In one sense, MidJourney acts as a graphic designer’s mood board or a costume designer’s lookbook, offering up, in some cases, cliched ideas, but in many other cases, far-flung and obscure ideas that a designer might never have come up with or even been able to verbalize. It’s one thing to say I want a “Macau cityscape in a dark moody landscape with the red neon lights in an atmospheric, highly realistic, Blade Runner baroque style” and something entirely different to point to Figure 3 and say, “These are the elements I am looking for.”
“An astronaut riding a horse,” “A Renaissance painting of a cat working at McDonald’s,” “Two skydivers play a game of Jenga”, “Mosh pit in a daycare”, “A cinematic photo of an astronaut nun” – all of these are text prompts that have produced highly accurate pictures that are stunning in one sense, amusing in another. As one Twitter user put it, “I’m grateful for dall-e because now people don’t have to start their own infant fight clubs to get images like this.” This is in jest, of course, but it does bring up a good point about these text-to-image systems: there are no boundaries to what can be created besides the typical standards of decency normal websites force you to create under. Space, time, age, fame, game, century, and location have no meaning when the act of creation is simply a few words away.
Edward Steichen, the man whom the New York Times claimed transformed photography into an art form, once said, “A portrait is not made in the camera but on either side of it.” This is a good way to look at what DALL-E 2 and MidJourney are doing. His life story is rather instructive too. In his obituary, the New York Times wrote, that his first photographs were so bad that they were almost his last. He had purchased a Kodak and took 50 pictures, mostly of subjects around his house. When developed, only one picture was deemed clear enough to print. Steichen’s father thought one picture out of 50 was a money-losing proposition, but his mother said the picture was so beautiful it was worth all the other failures.
Is text-to-image AI the end of graphic design as we know it?

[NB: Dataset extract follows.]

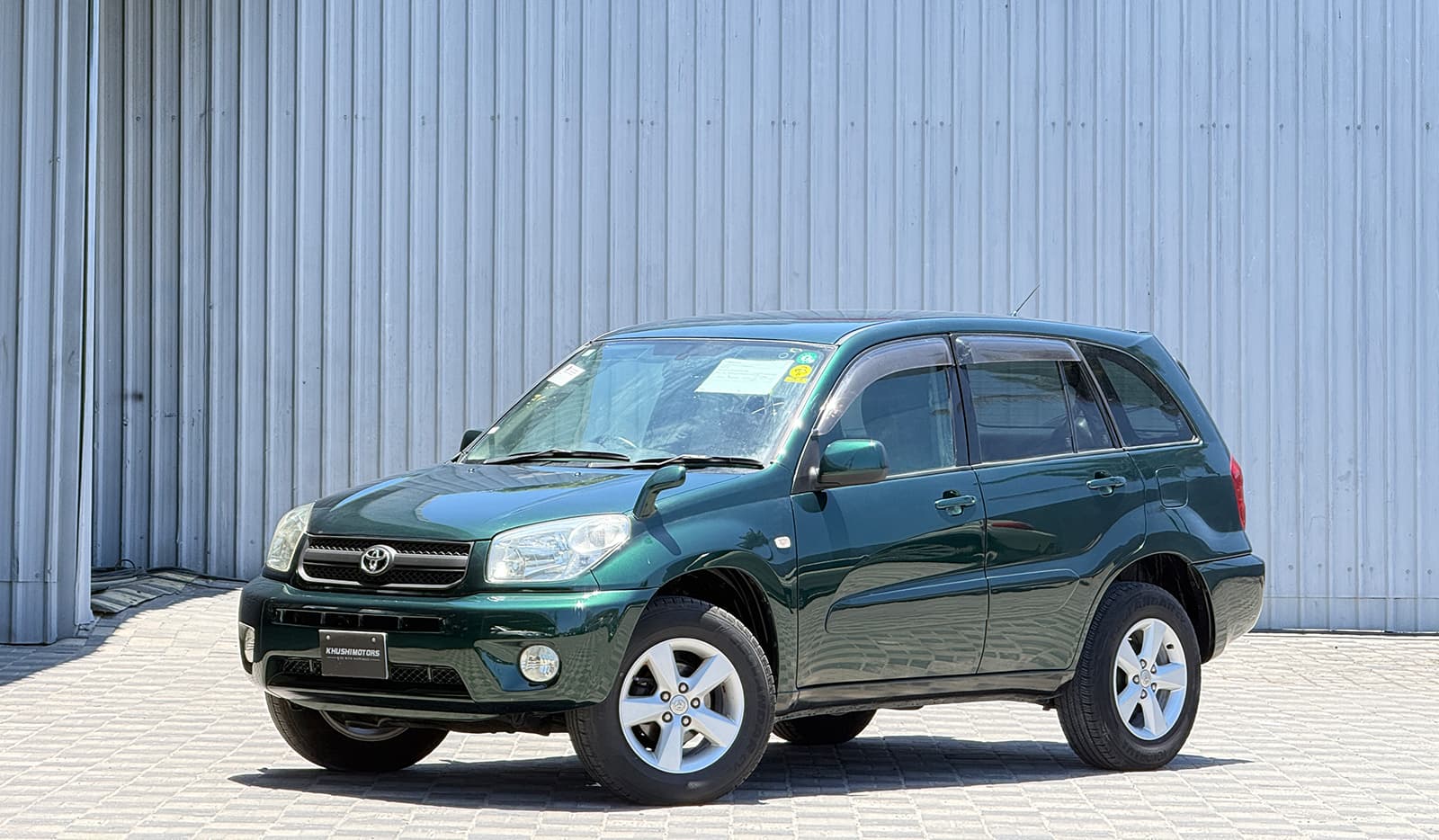 2005 Toyota RAV-4 XG PKG image-2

Maybe, maybe not. It’s hard to tell at this point, but it’s inarguable that with systems like DALL-E 2, DALL-E mini, and MidJourney, the machines are gunning for the job. AI tends to improve the larger the datasets get and with systems like DALL-E mini a free offering and MidJourney priced at a very reasonable $10/month for its low-tier offering, they will get plenty of use. The more people use these system, the better they will get at understanding what their human overlords want.
At the very least, MidJourney is a wonderful tool for students to learn about unique concepts of art. One user requested a “steampunk tardigrade airship with hanging paddleboat, gouache, jean giraud, william stout, yves chaland, isabelle beaumenay-joannet, akira toriyama, geof darrow, chiarascuro, yoji shinkawa, ross trans, teal, lemon, bluetiful, cadmium, carmine, lavendar, lilac, tan, detailed, delicate, ivory, coral, comic art” and, in this case, result was actually quite impressive. However, these AI tools are wondrous things, but we should always keep in mind the author Jane Lynch’s warning that “Artists are free to push boundaries to make art. But when pushing boundaries is their only aim, the result is usually bad art.”